DUBAI, June 19 (Reuters) - Two years after launching headfirst into a conflict in Yemen that has no end in sight, Saudi Arabia and the United Arab Emirates have astonished the world again, this time with a severe boycott of neighbouring Qatar.

Like the Yemen war, which has killed more than 10,000 people, the rift with Qatar is most closely associated with a new generation of leaders in the energy-rich Gulf who are more hawkish than conservative predecessors given more to cautious, consensual policymaking.

While the dispute could end up costing Qatar dearly, it also has implications for the Saudis and Emiratis whose activism, critics say, is fuelling uncertainty in an already unstable neighbourhood and could even push the region towards all-out conflict with arch-enemy Iran.

Saudi Arabia, the UAE, Bahrain and Egypt cut diplomatic and commercial ties with Qatar two weeks ago, accusing it of supporting terrorism, meddling in other countries' affairs and cozying up to Iran, all of which Qatar denies.

Mediation efforts, including by the United States, have been fruitless.

The new muscular policy is embodied in two powerful young leaders: 31-year-old Saudi Deputy Crown Prince Mohammed bin Salman and Sheikh Mohammed bin Zayed al-Nahyan, the 56-year-old crown prince of Abu Dhabi.

They stand in contrast to previous Gulf Arab leaders who over decades weathered crises mostly by time-consuming conciliation.

Their rival is also young: Qatar's ruling Emir Sheikh Tamim bin Hamad al-Thani took over from his father in 2013 at 33, inheriting a high-profile foreign policy that has seen his rich but tiny country exert outsized influence in the region.

"The rules of the game seem to have changed.

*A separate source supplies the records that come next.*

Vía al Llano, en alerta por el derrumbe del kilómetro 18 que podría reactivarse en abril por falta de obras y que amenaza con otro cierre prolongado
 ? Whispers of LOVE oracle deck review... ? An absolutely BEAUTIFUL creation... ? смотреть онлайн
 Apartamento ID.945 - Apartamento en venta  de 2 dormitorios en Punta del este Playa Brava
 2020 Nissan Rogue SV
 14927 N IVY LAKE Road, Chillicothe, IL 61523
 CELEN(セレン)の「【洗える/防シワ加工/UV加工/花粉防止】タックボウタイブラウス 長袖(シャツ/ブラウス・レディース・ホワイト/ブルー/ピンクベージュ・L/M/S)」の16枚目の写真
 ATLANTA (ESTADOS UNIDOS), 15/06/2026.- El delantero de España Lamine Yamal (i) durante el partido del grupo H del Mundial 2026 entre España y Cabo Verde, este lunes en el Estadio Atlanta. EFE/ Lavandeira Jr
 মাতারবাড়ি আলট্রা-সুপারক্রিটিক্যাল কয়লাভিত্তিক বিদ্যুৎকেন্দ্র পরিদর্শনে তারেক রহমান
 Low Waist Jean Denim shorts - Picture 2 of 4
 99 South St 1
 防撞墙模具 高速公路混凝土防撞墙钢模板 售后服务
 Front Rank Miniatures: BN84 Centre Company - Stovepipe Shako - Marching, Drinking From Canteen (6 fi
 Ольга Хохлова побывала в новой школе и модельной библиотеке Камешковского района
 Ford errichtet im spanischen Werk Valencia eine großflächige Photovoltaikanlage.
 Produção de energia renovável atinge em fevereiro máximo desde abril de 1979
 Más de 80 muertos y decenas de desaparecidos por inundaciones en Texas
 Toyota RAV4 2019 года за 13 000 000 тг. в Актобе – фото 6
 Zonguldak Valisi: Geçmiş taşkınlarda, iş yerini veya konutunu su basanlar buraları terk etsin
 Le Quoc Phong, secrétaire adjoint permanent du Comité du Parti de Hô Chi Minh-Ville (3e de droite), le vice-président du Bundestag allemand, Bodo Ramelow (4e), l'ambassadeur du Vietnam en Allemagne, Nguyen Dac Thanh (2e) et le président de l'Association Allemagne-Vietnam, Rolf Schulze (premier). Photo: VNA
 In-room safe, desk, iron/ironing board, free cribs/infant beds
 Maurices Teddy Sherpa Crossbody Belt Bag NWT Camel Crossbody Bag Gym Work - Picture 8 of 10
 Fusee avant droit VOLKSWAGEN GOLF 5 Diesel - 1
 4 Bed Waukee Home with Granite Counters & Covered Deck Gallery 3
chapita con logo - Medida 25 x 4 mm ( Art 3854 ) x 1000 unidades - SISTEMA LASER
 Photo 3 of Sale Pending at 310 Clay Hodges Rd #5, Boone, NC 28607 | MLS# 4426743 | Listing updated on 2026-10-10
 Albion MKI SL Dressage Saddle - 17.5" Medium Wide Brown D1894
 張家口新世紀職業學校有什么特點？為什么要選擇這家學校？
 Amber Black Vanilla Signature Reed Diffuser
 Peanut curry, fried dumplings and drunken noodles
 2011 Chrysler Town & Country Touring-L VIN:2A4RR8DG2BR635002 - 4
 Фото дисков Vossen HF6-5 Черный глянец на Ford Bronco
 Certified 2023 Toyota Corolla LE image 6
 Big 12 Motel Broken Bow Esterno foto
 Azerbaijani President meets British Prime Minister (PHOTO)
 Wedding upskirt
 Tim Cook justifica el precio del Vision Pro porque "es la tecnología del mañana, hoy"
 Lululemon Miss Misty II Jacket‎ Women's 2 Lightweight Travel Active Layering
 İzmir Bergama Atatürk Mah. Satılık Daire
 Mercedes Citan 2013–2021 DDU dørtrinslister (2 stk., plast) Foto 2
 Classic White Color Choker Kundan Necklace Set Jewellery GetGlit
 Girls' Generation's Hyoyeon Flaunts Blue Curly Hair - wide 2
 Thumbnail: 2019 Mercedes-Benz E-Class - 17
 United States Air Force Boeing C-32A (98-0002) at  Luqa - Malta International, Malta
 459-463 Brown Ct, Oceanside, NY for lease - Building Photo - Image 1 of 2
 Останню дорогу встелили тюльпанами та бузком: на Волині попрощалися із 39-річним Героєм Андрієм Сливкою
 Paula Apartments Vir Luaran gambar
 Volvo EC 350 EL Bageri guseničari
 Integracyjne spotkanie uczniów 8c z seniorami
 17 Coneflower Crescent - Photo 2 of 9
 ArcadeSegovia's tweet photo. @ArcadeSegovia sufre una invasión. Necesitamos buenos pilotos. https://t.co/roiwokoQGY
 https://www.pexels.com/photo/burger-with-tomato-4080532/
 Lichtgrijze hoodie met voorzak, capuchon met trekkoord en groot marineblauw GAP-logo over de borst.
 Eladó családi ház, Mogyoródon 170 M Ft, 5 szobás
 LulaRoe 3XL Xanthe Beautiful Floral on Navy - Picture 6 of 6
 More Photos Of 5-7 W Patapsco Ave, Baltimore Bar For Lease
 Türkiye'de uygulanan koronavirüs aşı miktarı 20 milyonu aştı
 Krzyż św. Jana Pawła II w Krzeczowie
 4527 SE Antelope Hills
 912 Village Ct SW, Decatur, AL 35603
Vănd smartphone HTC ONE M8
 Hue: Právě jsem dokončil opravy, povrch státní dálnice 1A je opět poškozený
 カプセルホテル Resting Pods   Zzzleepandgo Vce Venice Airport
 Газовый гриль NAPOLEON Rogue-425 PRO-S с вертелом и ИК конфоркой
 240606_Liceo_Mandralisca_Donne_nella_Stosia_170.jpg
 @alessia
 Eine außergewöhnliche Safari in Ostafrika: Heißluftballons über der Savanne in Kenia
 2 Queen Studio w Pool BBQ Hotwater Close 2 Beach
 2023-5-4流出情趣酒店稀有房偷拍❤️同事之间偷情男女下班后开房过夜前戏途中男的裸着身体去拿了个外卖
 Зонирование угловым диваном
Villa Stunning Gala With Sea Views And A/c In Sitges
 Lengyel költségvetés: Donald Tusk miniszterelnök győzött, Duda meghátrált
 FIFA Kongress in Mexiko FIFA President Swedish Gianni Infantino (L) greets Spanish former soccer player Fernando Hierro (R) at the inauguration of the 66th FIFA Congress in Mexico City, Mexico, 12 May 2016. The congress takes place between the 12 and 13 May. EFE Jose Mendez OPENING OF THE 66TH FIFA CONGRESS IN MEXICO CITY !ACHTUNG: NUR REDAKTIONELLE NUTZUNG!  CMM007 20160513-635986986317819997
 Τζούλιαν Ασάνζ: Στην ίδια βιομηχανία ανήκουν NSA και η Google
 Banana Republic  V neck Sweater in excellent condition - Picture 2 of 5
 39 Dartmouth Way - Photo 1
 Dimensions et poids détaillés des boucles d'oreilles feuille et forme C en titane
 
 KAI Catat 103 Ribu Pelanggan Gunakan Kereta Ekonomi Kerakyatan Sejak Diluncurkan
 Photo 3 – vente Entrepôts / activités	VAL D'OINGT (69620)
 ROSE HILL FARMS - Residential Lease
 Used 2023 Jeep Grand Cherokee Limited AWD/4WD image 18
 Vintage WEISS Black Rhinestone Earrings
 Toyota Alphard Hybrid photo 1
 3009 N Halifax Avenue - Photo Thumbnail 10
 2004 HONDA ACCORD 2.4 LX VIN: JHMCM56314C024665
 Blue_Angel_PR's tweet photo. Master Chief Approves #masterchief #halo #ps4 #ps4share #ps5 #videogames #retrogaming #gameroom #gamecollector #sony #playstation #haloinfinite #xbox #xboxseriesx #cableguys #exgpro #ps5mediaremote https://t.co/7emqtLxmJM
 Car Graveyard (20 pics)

The values governing interfamilial relations in the Gulf have changed," said Mamoun Fandy, a London-based political analyst.

"We are now talking about young people. I don't think it will get resolved soon."



PRINCE MOHAMMED, SHEIKH MOHAMMED

Saudi Arabia's Prince Mohammed, widely referred to as "MbS", runs economic, defence and oil strategy and has a direct line to the king, his 81-year-old father. In a kingdom ruled by six brothers in succession, he and his cousin the crown prince are the first from a new generation to reach the highest ranks of power in 64 years.

He is spearheading an ambitious drive to reform the kingdom's oil-dependent economy and led the charge into Yemen in 2015 to oppose a takeover by Iran-aligned fighters from the Houthi movement.

But after months of bombings, no side has emerged dominant in a war that has displaced more than three million people, left many on the edge of starvation and allowed a powerful al Qaeda branch to expand its operations.

Now MbS appears to have orchestrated the Qatar move just days after pulling off a summit in Riyadh where U.S. President Donald Trump called for bold action.

"It has his emerging hallmark of action that is sudden, spectacular but not necessarily strategic," said Jane Kinninmont, a Middle East expert at Chatham House. "It is a maximalist position without a clear endgame."

"MbS" gets on well with Abu Dhabi's Sheikh Mohammed, the deputy supreme commander of UAE armed forces, who is known as "MbZ". The Saudi prince's entourage happily concedes they see much to emulate in the UAE's successful diversification of its economy beyond oil.

MbZ has long espoused a hard line against Qatar and Iran, which seems to be rubbing off on MbS, who has ratcheted up the rhetoric. Last month MbS ruled out dialogue with Iran and pledged to protect Saudi Arabia from what he called Tehran's efforts to dominate the Muslim world.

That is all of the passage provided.